This is not a new joke. I have drawn attention to a number of burglary jokes in Punch in different years. No doubt this was drawn afresh but asking the victim to decide on the share out of the loot has appeared in a previous cartoon. I suppose the editor just didn’t spot it.
Surely the senior beautician isn’t saying that Madam is wasting her time (and her husband’s money) in seeking to avoid the effect of time on her appearance? This would be quite unlikely at any time and especially so in 1938.
The alternative explanation is that she is talking in abstract terms and when she says ‘man’ she really means ‘mankind’. That too would be rather implausibly philosophic but would have the merit of being quite amusing under the circumstances.
A scene in which toffs and plebs democratically play cricket together appears in many books and films in the first half of the Twentieth Century. The example that comes most immediately to my mind is in The Go-Between.
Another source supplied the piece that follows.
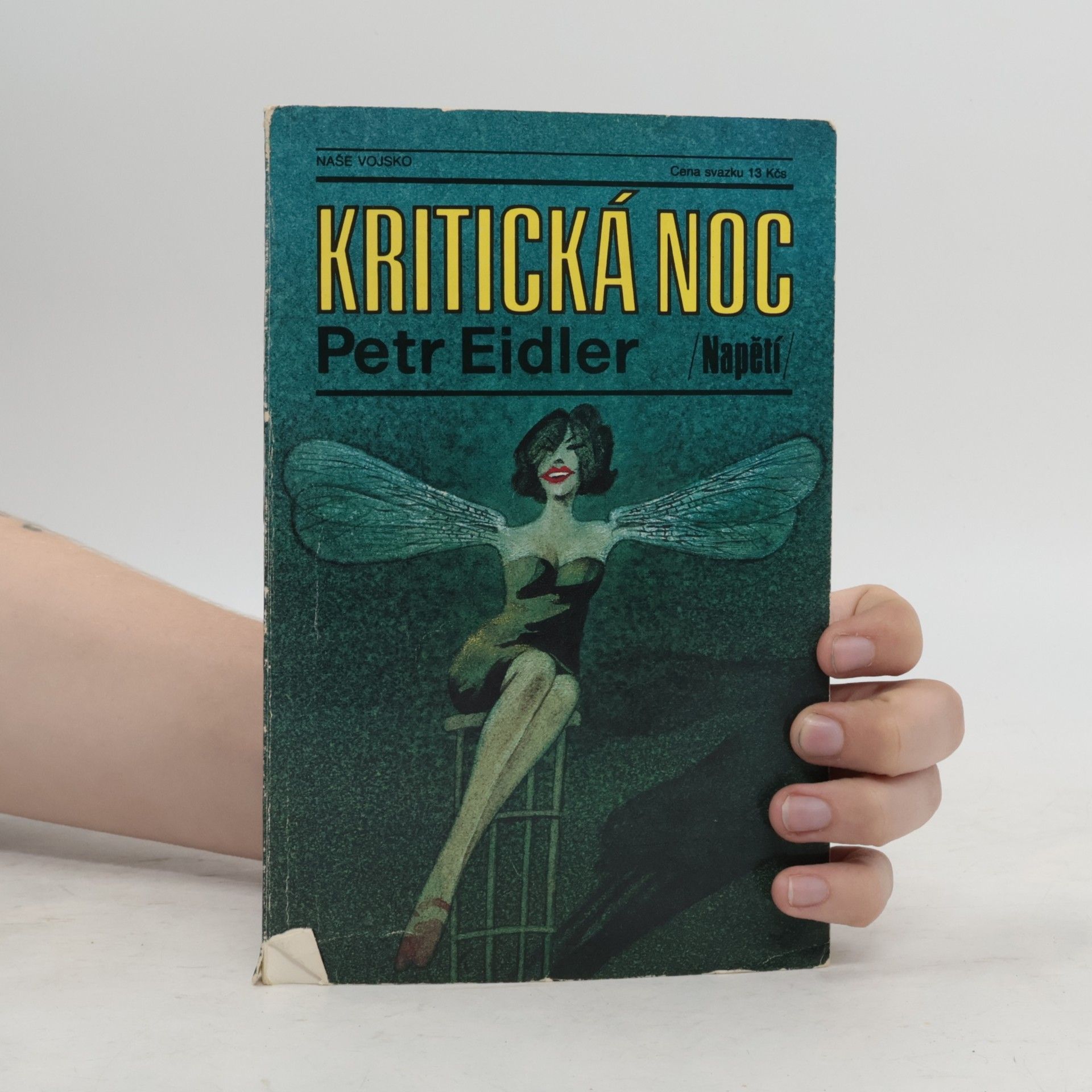 Petr Eidler Kritická noc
C.B. Cochran was the Andrew Lloyd Webber of his day. We see here a view of the ‘media’ folk of the time. It is not particularly flattering. Everything adds up to a view of ‘modern’ young men. They smoke and drink and don’t do very much. Their clothes and the scruffy prints of contemporary art on the wall suggest that their artistic pretensions are just a façade.
The point about Cochran is that if the speaker were sure of success then he would certainly buck up his idea and do the work.
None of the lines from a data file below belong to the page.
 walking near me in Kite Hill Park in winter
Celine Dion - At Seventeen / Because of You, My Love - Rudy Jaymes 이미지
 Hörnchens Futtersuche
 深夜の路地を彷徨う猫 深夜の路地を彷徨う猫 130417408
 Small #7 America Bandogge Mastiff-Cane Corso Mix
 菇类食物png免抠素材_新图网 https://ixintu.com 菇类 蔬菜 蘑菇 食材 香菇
It was then normal to persuade left handed children to write with their right hand. Cases are recorded of children having their left arm strapped to their sides to encourage them to write ‘correctly’.
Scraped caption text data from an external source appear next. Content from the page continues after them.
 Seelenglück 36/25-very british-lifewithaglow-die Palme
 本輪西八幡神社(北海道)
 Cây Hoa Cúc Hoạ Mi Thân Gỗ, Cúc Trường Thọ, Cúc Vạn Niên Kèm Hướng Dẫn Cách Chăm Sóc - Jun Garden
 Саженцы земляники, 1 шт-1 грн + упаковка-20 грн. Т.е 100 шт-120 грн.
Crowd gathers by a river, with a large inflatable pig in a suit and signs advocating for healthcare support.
I don’t know this for a fact but I have the impression that this attitude is no longer considered correct. Left-handed Presidents of the United States have included Harry S. Truman, Gerald Ford, George H.W. Bush, Bill Clinton and Barack Obama.
Statistically it is quite likely that a number of people on this forum are also left-handed. Does anyone care to comment?
Peters does not relish having to decide whether it is preferable to annoy the General or his wife. I suspect that the General is the one who is going to be annoyed. We see at least five house maids waiting to serve the lunch. There seems to be a war scene being illustrated on the wall behind them. In it, it is presumably the General himself (in his younger days) who we see on horseback (during World War One!) charging the enemy with sword in hand with the Tommies following behind. This serves as a contrast to his now subordinate status.
Presumably the Royal Navy does not concern itself with such trifles as the fisherman’s livelihood. Such incidents would be more common with World War Two which was just round the corner.
The two medical men have been involved in the same traffic accident. Their cars have suffered severe damage but they both have miraculously escaped any injury at all. They immediately examine each other and reach the same diagnosis.
This artist is clearly influenced by a contemporary school of art, although I don’t know what to call it.
Now that I think about it, I haven’t seen pavement artists for many years although there used to be plenty around. I would guess that there are now bylaws in place to prevent this form of busking.
While the wives are having an agreeable conversation the male visitor instantly manages to annoy his host. Whereas the host is certainly not an ‘arty’ the guest is very much a ‘hearty’.
Well we can all make our own deductions. Personally I think that the ‘rough’ man is exactly what the hostess is talking about. Bear in mind that she is replying to a question from her guests. They would not be asking questions about the elegant man on the left. However I do see that that one is more interested in the garden than in the other guests.